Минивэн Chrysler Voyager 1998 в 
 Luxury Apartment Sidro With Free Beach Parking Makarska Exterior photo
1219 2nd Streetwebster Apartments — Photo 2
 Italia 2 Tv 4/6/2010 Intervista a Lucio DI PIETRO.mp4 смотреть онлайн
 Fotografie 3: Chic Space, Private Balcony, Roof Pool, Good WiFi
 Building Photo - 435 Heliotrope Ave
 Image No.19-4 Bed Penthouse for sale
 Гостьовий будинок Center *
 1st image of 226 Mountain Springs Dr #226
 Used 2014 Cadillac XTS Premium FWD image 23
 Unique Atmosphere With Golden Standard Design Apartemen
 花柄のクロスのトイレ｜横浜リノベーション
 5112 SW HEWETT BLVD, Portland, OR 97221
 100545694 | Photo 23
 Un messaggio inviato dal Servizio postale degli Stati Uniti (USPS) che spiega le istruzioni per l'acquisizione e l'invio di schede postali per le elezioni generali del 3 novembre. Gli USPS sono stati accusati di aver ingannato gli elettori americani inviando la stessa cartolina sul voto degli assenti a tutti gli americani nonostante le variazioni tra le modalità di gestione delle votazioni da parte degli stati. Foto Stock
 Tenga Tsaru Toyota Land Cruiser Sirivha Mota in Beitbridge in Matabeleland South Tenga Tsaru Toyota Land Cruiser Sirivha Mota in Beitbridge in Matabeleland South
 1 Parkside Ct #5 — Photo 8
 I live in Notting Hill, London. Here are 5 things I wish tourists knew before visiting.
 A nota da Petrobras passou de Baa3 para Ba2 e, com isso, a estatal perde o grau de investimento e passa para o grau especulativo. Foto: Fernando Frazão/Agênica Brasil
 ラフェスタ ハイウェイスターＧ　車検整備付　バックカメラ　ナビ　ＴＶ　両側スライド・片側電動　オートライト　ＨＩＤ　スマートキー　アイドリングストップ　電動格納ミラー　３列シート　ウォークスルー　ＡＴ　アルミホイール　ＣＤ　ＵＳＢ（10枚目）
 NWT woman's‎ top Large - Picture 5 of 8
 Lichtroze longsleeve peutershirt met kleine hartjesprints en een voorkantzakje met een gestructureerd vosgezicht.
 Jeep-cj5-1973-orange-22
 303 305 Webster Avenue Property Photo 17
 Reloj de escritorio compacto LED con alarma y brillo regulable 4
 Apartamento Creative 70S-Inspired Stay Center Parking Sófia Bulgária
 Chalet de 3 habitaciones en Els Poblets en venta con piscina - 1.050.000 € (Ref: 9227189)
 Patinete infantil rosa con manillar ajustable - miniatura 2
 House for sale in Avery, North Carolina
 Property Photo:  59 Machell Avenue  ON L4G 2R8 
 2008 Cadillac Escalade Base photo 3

=====

- **How to complete this task**
Every line of the listing above should be copied word for word.

- **Solution to this task**
Минивэн Chrysler Voyager 1998 в 
 Luxury Apartment Sidro With Free Beach Parking Makarska Exterior photo
1219 2nd Streetwebster Apartments — Photo 2
 Italia 2 Tv 4/6/2010 Intervista a Lucio DI PIETRO.mp4 смотреть онлайн
 Fotografie 3: Chic Space, Private Balcony, Roof Pool, Good WiFi
 Building Photo - 435 Heliotrope Ave
 Image No.19-4 Bed Penthouse for sale
 Гостьовий будинок Center *
 1st image of 226 Mountain Springs Dr #226
 Used 2014 Cadillac XTS Premium FWD image 23
 Unique Atmosphere With Golden Standard Design Apartemen
 花柄のクロスのトイレ｜横浜リノベーション
 5112 SW HEWETT BLVD, Portland, OR 97221
 100545694 | Photo 23
 Un messaggio inviato dal Servizio postale degli Stati Uniti (USPS) che spiega le istruzioni per l'acquisizione e l'invio di schede postali per le elezioni generali del 3 novembre. Gli USPS sono stati accusati di aver ingannato gli elettori americani inviando la stessa cartolina sul voto degli assenti a tutti gli americani nonostante le variazioni tra le modalità di gestione delle votazioni da parte degli stati. Foto Stock
 Tenga Tsaru Toyota Land Cruiser Sirivha Mota in Beitbridge in Matabeleland South Tenga Tsaru Toyota Land Cruiser Sirivha Mota in Beitbridge in Matabeleland South
 1 Parkside Ct #5 — Photo 8
 I live in Notting Hill, London. Here are 5 things I wish tourists knew before visiting.
 A nota da Petrobras passou de Baa3 para Ba2 e, com isso, a estatal perde o grau de investimento e passa para o grau especulativo. Foto: Fernando Frazão/Agênica Brasil
 ラフェスタ ハイウェイスターＧ　車検整備付　バックカメラ　ナビ　ＴＶ　両側スライド・片側電動　オートライト　ＨＩＤ　スマートキー　アイドリングストップ　電動格納ミラー　３列シート　ウォークスルー　ＡＴ　アルミホイール　ＣＤ　ＵＳＢ（10枚目）
 NWT woman's‎ top Large - Picture 5 of 8
 Lichtroze longsleeve peutershirt met kleine hartjesprints en een voorkantzakje met een gestructureerd vosgezicht.
 Jeep-cj5-1973-orange-22
 303 305 Webster Avenue Property Photo 17
 Reloj de escritorio compacto LED con alarma y brillo regulable 4
 Apartamento Creative 70S-Inspired Stay Center Parking Sófia Bulgária
 Chalet de 3 habitaciones en Els Poblets en venta con piscina - 1.050.000 € (Ref: 9227189)
 Patinete infantil rosa con manillar ajustable - miniatura 2
 House for sale in Avery, North Carolina
 Property Photo:  59 Machell Avenue  ON L4G 2R8 
 2008 Cadillac Escalade Base photo 3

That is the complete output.